How Loud Is a Cicada In Decibels (dB)? With Noise Comparison Chart
We all deal with loud noises daily, and many of the sounds we hear are produced by insects. Cicadas can be loud because their membranes vibrate and create a buzzing, ticking, or whining sound. Scientists have concluded that a cicada makes a sound registering at 106.7 decibels, which is extremely loud for an insect.
This article will give you a better overview of how loud 106.7 decibels is and whether the sound is safe for your ears.
How Many Decibels Are Safe for Our Ears?
The louder the sound you listen to, the more consequences it can have for your ears. Most people don’t even realize that they’re exposing themselves to loud noises that could damage their hearing. The safe noise level for humans is 70 decibels, while anything over 80 decibels could impact your hearing and cause hearing loss.
Other than the actual sound level in decibels, the distance and time of the exposure will determine the impact of the sound on your hearing. Even noises with a lower decibel rate at around 70 or 80 decibels could harm your hearing if you listen to them for extended periods. Also, if you hear something loud close by, it will likely cause more damage than if you were a couple of feet away from the noise.
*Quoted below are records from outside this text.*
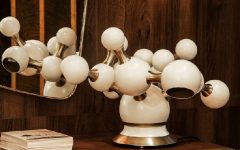 White Atomic table lamp by DelightFULL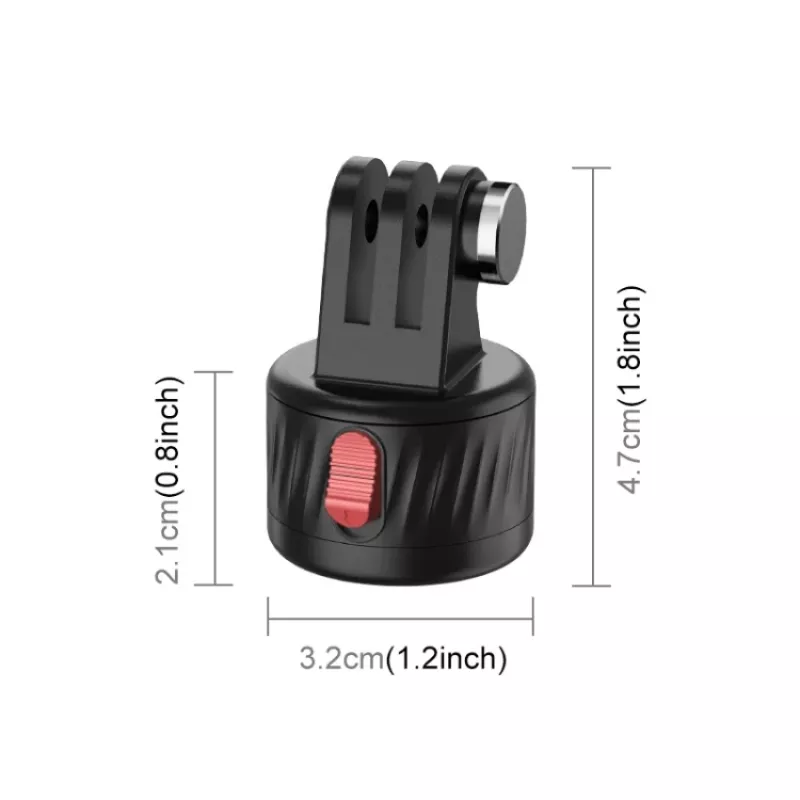 Suporte magnético de libertação rápida PULUZ com rosca de 1/4 polegadas para GoPro Hero 11 10 9 8 7 6 5 4 / SJCAM / Xiaomi / DJI - PU708B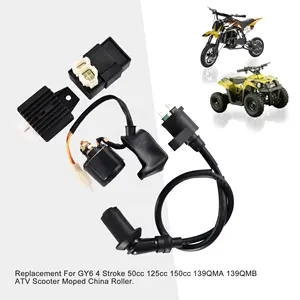 GOOFIT Bobine d'allumage de moto Solénoïde <span class=keywords><strong>CDI</strong></span> 6 broches Régulateur de tension pour GY6 <span class=keywords><strong>4</strong></span> <span class=keywords><strong>temps</strong></span> 50cc 125cc 150cc 139QMA 139QMB ATV - Product Image 5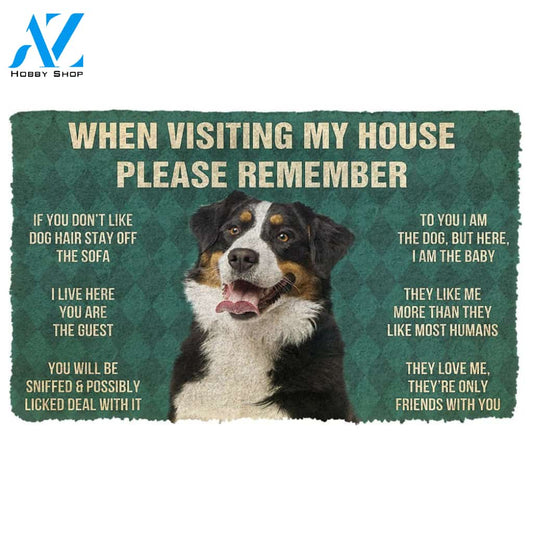 Gearhumans  Gearhuman 3D Please Remember Bernese Mountain Dogs House Rules Custom Doormat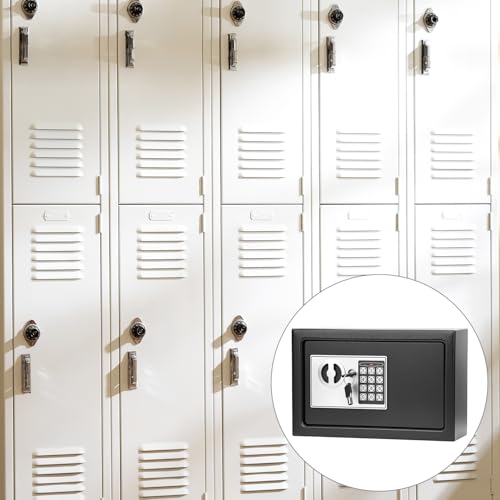 QWORK® Schlüsseltresor mit Elektronikschloss, 32 Schlüsselhaken, 31 x 20 x 10 cm, Hohe Sicherheit Stahlkonstruktion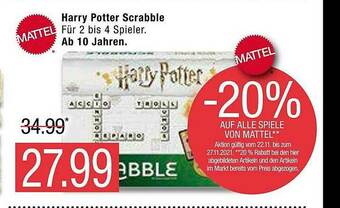 Marktkauf Mattel Harry Potter Scrabble Angebot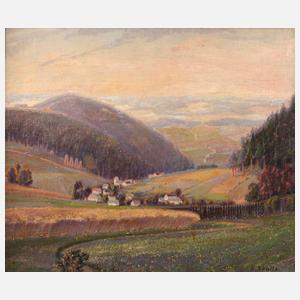 Hermann Skolle, Vogtländische Sommerlandschaft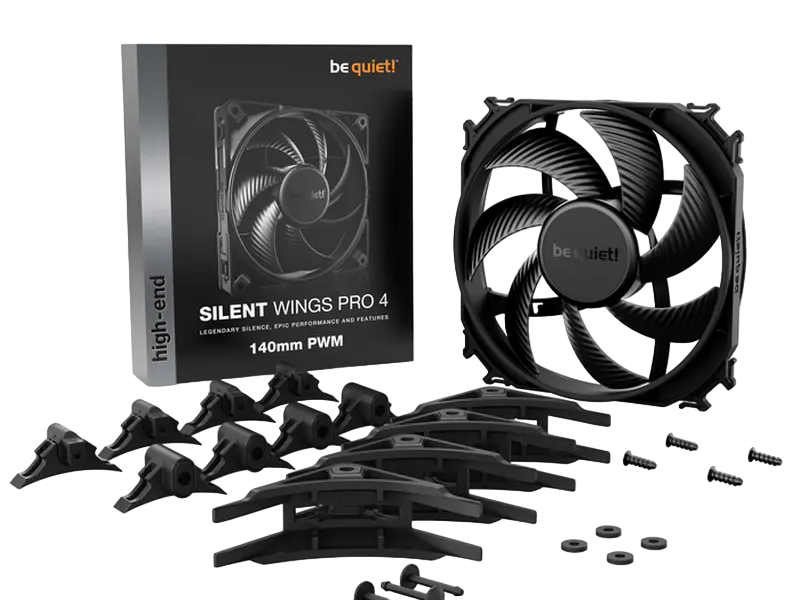 Вентилятор для ПК be quiet! Silent Wings 4 PWM High-speed 140 мм Черный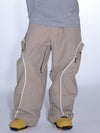 Pantalon de ski cargo ample et réfléchissant à bord lumineux Gsou Snow pour femme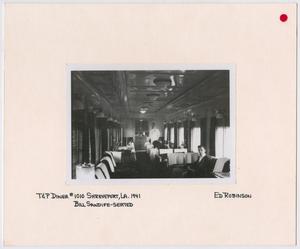 Primary view of object titled '[Interior of T&P Train #1010 Dining Car]'.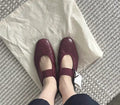 Women's Ballet Flats with Flexible Strap Design and Comfortable Insole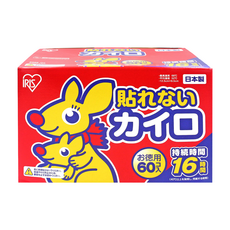 IRIS OHYAMA 愛麗思歐雅瑪 袋鼠家族手持式暖暖包 60入 12.5 x 9.5cm, 1盒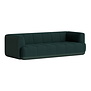 Hay - Quilton Duo 3-seater Sofa - fabric Vidar / Atlas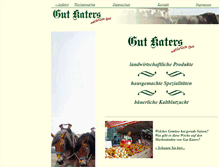 Tablet Screenshot of gut-katers.de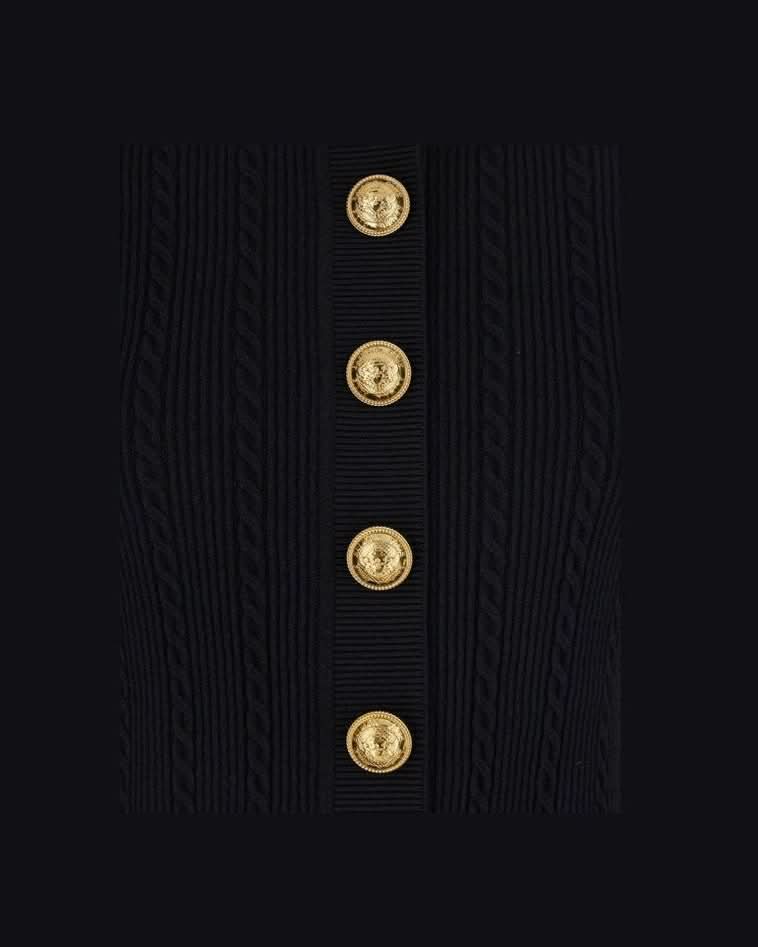 Balmain 4 Pocket Knitted Cardigan Cardigans
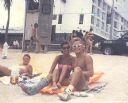 Kevin - Ft. Lauderdale Bch 1984 
My bud Mark and some girls we were talking to. Notice in the background, the cops had just beat the crap out of some dude.lol The building behind them is where the Button use to be. I bartended and barbacked there Spring Break of 86. What a freaking mad house. Its now a parking lot. The Elbo Room is on the right out of frame. 
kevin - Illinois, USA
Many of us deal with these noises daily, and we even expose ourselves to harmful loud sounds when listening to music or watching TV. Our work environment can also be quite noisy, especially if you work in a large collective. That’s why you need to be aware of the noises around you and try to protect your hearing.
Why Do Cicadas Produce Loud Sounds?
Only male representatives of cicadas produce sounds, and they do it by bending their abdominal segment multiple times in just one second. There are various reasons why cicadas make loud sounds, although the most common one is mating.
Since females cannot produce sounds, males use this tactic to attract them, court, and later mate with them. Another common reason for cicadas making this loud noise can be stress or danger. When cicadas are disturbed or feel like they could be in danger, they will likely produce sounds to blow off some steam or scare away a predator.
Each cicada species has a unique sound that just works for their species, and they are the only insects that can produce such a loud, alarming sound.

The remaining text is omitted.